*TRY IT*:
For the material below, return exactly the lines starting at the line containing "Best Basketball Dad" and ending at the line containing "Hazel Blues® |", both ends included, and no others.
***** PROVIDED ENTRIES *****
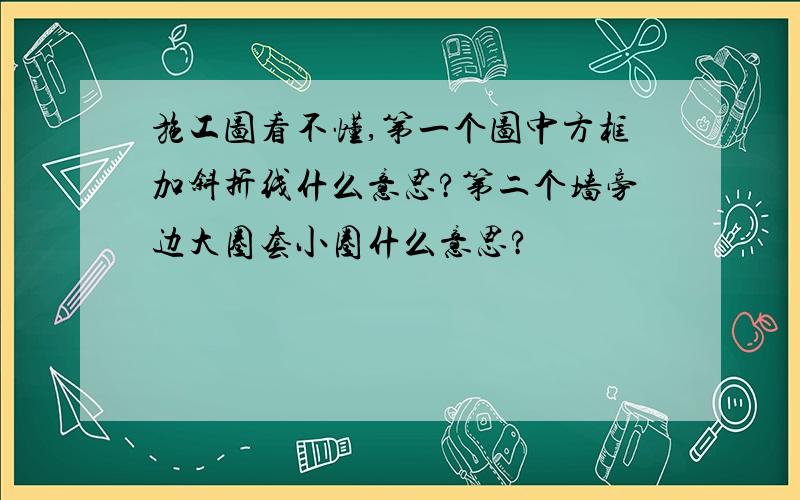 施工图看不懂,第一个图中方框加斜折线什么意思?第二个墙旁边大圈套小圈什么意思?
*****
***** PROVIDED ENTRIES *****
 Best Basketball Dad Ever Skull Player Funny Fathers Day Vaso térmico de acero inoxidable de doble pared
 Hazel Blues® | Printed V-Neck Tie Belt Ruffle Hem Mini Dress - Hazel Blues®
*****
***** PROVIDED ENTRIES *****
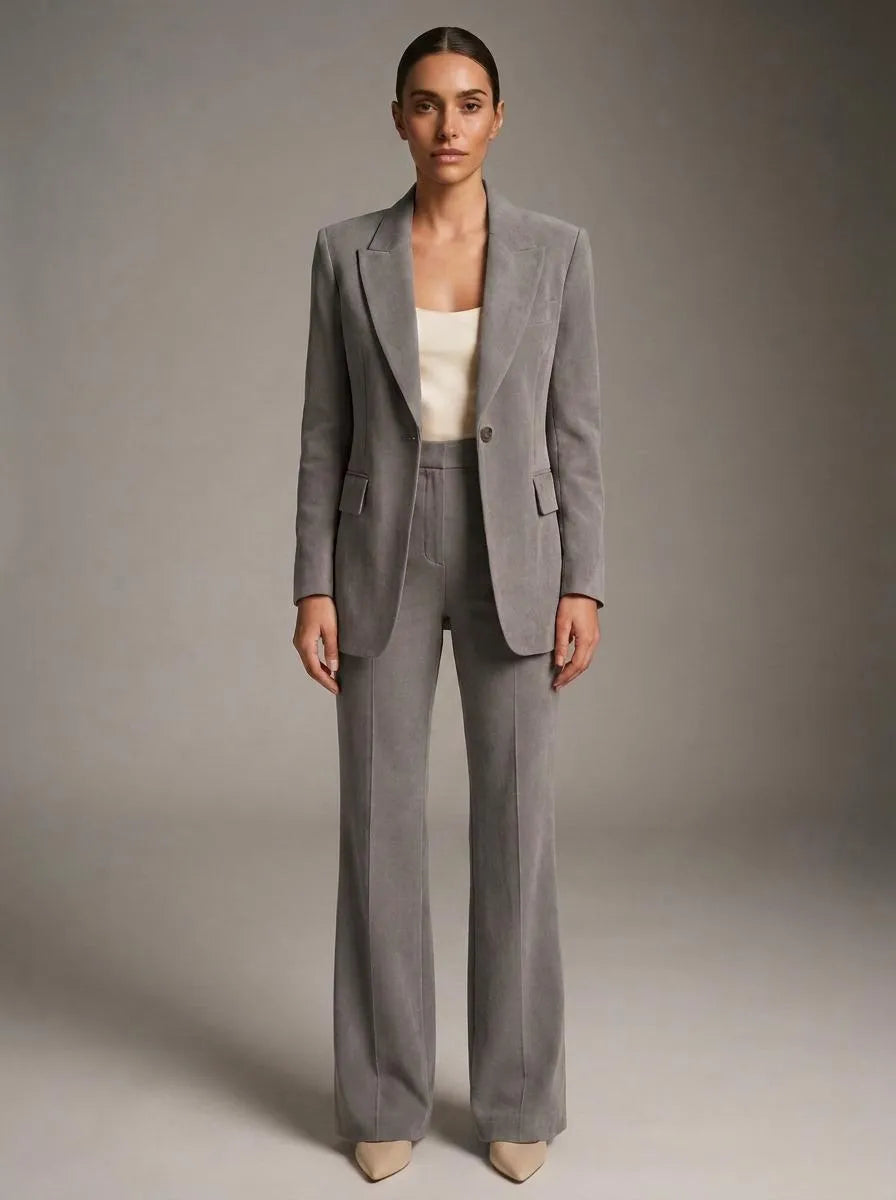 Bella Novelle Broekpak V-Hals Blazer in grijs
*****
*EXERCISE RESPONSE*:
 Best Basketball Dad Ever Skull Player Funny Fathers Day Vaso térmico de acero inoxidable de doble pared
 Hazel Blues® | Printed V-Neck Tie Belt Ruffle Hem Mini Dress - Hazel Blues®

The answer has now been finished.